Spray the shower walls, chrome, and glass every time you shower. We also squeegee the walls and doors after spraying. We have very hard water and this makes the shower stay clean and mildew-free.


----------



## tab (Aug 20, 2002)

One of my favorites for scrubbing, a squirt of liquid, usually castile, soap on the sponge, and then throw baking soda on the sponge or area to be scrubbed. Works great at removing soap scum and most everything else.


----------



## Marcia in MT (May 11, 2002)

I've found that old Shout spray bottles work better and last a lot longer than any I've bought at various stores.


----------



## Taylor R. (Apr 3, 2013)

I'm a big fan of keeping things simple. For the shower, I use a grapefruit (plain white grapefruit, as the red can stain), cut in half and sprinkled with salt then used kind of like a sponge. White vinegar and water on all other surfaces, a little baking soda sprinkled in the toilet and scrubbed with a brush.


----------



## FarmChix (Mar 3, 2013)

I mix lemon juice and baking soda into a paste. It is great as a replacement for soft scrub and there are no chemicals.


----------



## sss3 (Jul 15, 2007)

Farm Chix Can bottled lemon juice be used?


----------



## cfuhrer (Jun 11, 2013)

Taylor R. said:


> I'm a big fan of keeping things simple. For the shower, I use a grapefruit (plain white grapefruit, as the red can stain), cut in half and sprinkled with salt then used kind of like a sponge. White vinegar and water on all other surfaces, a little baking soda sprinkled in the toilet and scrubbed with a brush.


I tried the grapefruit thing a while back but found the pulp to be an absolute bear to get cleaned up afterwards. Any suggestions on that aspect of it?


----------



## Taylor R. (Apr 3, 2013)

I just grab the shower sprayer and crank the pressure up and spray the whole shower down. I imagine if you didn't have a movable shower head, the pulp would be a mess!!


----------



## danarutan (Mar 13, 2011)

For the bathroom I like to use one of the dish sponge with a fill able handle --- fill it half way with dish soap (recipe says yo use Dawn I use Aldi's brand) & the other half with white vinegar --- works great on shower, tub, and sink.


----------



## SJSFarm (Jun 13, 2012)

I use the all purpose cleaner posted here many times.

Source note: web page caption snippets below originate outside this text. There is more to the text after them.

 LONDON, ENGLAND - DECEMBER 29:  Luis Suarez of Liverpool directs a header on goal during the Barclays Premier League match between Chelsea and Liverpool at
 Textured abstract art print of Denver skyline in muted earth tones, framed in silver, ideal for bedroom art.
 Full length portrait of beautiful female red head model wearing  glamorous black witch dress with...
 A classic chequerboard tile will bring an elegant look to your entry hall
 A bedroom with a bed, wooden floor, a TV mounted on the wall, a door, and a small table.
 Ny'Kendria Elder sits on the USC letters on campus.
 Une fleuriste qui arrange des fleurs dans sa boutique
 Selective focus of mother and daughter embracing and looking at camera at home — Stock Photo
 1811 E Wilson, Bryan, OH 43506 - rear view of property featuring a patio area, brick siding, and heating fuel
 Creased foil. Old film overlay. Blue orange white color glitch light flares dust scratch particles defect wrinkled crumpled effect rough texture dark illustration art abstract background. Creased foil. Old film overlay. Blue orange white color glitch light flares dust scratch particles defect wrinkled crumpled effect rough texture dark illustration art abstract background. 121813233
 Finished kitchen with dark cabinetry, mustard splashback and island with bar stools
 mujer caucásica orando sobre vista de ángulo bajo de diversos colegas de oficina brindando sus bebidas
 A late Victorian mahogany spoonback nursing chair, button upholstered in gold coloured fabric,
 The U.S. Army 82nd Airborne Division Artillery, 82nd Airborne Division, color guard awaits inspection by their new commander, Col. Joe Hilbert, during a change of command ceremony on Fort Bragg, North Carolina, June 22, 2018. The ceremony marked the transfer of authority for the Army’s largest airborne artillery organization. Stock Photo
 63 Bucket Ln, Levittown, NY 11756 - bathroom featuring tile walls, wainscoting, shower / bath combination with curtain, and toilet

1 part each water and vinegar 
A little bit of dawn liquid- original blue stuff

Once the shower has been cleaned of soap scum- I use the all purpose spray and dip a good brush in baking soda and scrub- it stays clean with just a weekly spray of this and a rinse down! 

This spray works great in the kitchen and on the counters. 

Thanks Homesteading Today folks for telling me about his cleaner


----------